**What this task involves:**
Take the lines below between the one holding "Nature Avec kusanagiの夢ごこちハスキーのルナ💖" and the one holding "日前多家媒体报道沙地阿拉伯计", inclusive, and copy them exactly. Add nothing.

+++

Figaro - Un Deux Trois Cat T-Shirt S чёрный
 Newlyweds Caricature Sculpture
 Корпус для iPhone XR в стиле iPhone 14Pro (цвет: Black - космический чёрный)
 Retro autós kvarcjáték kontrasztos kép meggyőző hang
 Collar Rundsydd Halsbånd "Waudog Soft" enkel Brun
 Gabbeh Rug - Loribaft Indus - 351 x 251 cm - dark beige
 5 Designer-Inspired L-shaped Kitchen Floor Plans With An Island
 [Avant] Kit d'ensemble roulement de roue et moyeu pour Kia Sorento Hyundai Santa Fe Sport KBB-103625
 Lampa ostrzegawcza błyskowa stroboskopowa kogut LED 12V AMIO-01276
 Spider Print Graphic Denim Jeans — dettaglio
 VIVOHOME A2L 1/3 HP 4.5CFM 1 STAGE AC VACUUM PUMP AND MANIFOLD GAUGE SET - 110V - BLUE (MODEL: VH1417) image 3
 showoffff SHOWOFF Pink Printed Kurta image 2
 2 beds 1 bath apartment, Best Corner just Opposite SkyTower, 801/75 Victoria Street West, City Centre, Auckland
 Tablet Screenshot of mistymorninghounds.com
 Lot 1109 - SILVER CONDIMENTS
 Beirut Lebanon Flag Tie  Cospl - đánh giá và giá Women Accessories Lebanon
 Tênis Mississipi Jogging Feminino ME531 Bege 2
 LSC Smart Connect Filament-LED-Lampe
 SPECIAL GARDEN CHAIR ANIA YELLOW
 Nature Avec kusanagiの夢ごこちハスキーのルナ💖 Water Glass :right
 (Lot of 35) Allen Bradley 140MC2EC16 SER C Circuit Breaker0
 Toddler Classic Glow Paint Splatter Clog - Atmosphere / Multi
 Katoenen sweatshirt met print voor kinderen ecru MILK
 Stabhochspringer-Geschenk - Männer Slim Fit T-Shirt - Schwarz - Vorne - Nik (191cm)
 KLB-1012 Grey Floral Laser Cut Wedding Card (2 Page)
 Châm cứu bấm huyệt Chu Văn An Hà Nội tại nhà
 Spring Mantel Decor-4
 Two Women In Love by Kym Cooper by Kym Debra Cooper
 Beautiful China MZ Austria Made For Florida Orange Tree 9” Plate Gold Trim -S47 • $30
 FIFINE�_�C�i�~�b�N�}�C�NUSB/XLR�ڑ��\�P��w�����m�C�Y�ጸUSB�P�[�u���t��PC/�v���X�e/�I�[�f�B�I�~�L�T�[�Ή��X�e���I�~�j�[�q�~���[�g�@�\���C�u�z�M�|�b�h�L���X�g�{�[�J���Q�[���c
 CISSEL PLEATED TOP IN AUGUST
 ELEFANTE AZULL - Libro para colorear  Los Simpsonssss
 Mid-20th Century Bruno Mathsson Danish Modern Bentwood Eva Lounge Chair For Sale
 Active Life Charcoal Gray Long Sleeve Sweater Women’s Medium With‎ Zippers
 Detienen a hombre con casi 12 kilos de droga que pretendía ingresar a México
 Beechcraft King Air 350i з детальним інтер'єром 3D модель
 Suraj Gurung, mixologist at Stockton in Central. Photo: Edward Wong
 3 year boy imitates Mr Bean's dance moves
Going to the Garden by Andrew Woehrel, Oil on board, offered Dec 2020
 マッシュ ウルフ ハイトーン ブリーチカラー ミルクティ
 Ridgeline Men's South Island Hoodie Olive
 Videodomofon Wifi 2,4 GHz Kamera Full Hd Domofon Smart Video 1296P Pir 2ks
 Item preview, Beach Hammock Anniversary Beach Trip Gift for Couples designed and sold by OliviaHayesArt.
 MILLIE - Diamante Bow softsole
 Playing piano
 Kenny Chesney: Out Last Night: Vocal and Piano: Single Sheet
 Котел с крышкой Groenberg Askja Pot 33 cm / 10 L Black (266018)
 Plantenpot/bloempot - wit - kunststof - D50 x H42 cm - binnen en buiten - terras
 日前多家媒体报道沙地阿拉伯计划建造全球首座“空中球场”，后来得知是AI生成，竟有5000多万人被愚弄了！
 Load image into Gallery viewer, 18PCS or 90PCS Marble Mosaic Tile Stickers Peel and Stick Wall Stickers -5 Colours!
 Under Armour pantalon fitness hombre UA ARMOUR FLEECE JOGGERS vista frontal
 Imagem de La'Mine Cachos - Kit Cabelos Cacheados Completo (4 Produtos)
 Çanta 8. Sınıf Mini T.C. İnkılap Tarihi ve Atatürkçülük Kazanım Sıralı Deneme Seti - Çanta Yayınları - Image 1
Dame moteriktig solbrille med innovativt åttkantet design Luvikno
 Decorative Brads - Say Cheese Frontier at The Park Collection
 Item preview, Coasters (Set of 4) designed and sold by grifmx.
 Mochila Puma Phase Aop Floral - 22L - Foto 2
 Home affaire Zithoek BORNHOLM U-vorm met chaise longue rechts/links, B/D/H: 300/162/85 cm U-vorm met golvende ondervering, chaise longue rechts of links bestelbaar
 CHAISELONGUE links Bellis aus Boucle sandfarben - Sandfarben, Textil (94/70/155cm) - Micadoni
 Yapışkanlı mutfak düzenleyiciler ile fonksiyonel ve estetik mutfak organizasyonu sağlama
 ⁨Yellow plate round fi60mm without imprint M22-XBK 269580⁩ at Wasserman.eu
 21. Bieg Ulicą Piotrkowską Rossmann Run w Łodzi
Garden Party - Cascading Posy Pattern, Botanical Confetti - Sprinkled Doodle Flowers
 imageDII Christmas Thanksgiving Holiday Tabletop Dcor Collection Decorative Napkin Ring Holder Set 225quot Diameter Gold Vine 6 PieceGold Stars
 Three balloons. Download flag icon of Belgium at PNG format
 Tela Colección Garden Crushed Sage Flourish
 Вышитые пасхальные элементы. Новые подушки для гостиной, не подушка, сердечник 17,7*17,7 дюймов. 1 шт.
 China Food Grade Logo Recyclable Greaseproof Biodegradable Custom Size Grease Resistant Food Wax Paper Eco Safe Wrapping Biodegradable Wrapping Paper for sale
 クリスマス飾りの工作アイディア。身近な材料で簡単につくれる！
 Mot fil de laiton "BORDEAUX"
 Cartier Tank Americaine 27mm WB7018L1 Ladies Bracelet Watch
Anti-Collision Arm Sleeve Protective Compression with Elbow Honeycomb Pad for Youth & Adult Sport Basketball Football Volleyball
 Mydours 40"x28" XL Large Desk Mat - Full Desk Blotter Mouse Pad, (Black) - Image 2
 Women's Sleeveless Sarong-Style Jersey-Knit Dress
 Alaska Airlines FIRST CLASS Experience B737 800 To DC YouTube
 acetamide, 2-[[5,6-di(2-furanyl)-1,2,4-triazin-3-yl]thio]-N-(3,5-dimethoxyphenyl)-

+++

**Written response:**
 Nature Avec kusanagiの夢ごこちハスキーのルナ💖 Water Glass :right
 (Lot of 35) Allen Bradley 140MC2EC16 SER C Circuit Breaker0
 Toddler Classic Glow Paint Splatter Clog - Atmosphere / Multi
 Katoenen sweatshirt met print voor kinderen ecru MILK
 Stabhochspringer-Geschenk - Männer Slim Fit T-Shirt - Schwarz - Vorne - Nik (191cm)
 KLB-1012 Grey Floral Laser Cut Wedding Card (2 Page)
 Châm cứu bấm huyệt Chu Văn An Hà Nội tại nhà
 Spring Mantel Decor-4
 Two Women In Love by Kym Cooper by Kym Debra Cooper
 Beautiful China MZ Austria Made For Florida Orange Tree 9” Plate Gold Trim -S47 • $30
 FIFINE�_�C�i�~�b�N�}�C�NUSB/XLR�ڑ��\�P��w�����m�C�Y�ጸUSB�P�[�u���t��PC/�v���X�e/�I�[�f�B�I�~�L�T�[�Ή��X�e���I�~�j�[�q�~���[�g�@�\���C�u�z�M�|�b�h�L���X�g�{�[�J���Q�[���c
 CISSEL PLEATED TOP IN AUGUST
 ELEFANTE AZULL - Libro para colorear  Los Simpsonssss
 Mid-20th Century Bruno Mathsson Danish Modern Bentwood Eva Lounge Chair For Sale
 Active Life Charcoal Gray Long Sleeve Sweater Women’s Medium With‎ Zippers
 Detienen a hombre con casi 12 kilos de droga que pretendía ingresar a México
 Beechcraft King Air 350i з детальним інтер'єром 3D модель
 Suraj Gurung, mixologist at Stockton in Central. Photo: Edward Wong
 3 year boy imitates Mr Bean's dance moves
Going to the Garden by Andrew Woehrel, Oil on board, offered Dec 2020
 マッシュ ウルフ ハイトーン ブリーチカラー ミルクティ
 Ridgeline Men's South Island Hoodie Olive
 Videodomofon Wifi 2,4 GHz Kamera Full Hd Domofon Smart Video 1296P Pir 2ks
 Item preview, Beach Hammock Anniversary Beach Trip Gift for Couples designed and sold by OliviaHayesArt.
 MILLIE - Diamante Bow softsole
 Playing piano
 Kenny Chesney: Out Last Night: Vocal and Piano: Single Sheet
 Котел с крышкой Groenberg Askja Pot 33 cm / 10 L Black (266018)
 Plantenpot/bloempot - wit - kunststof - D50 x H42 cm - binnen en buiten - terras
 日前多家媒体报道沙地阿拉伯计划建造全球首座“空中球场”，后来得知是AI生成，竟有5000多万人被愚弄了！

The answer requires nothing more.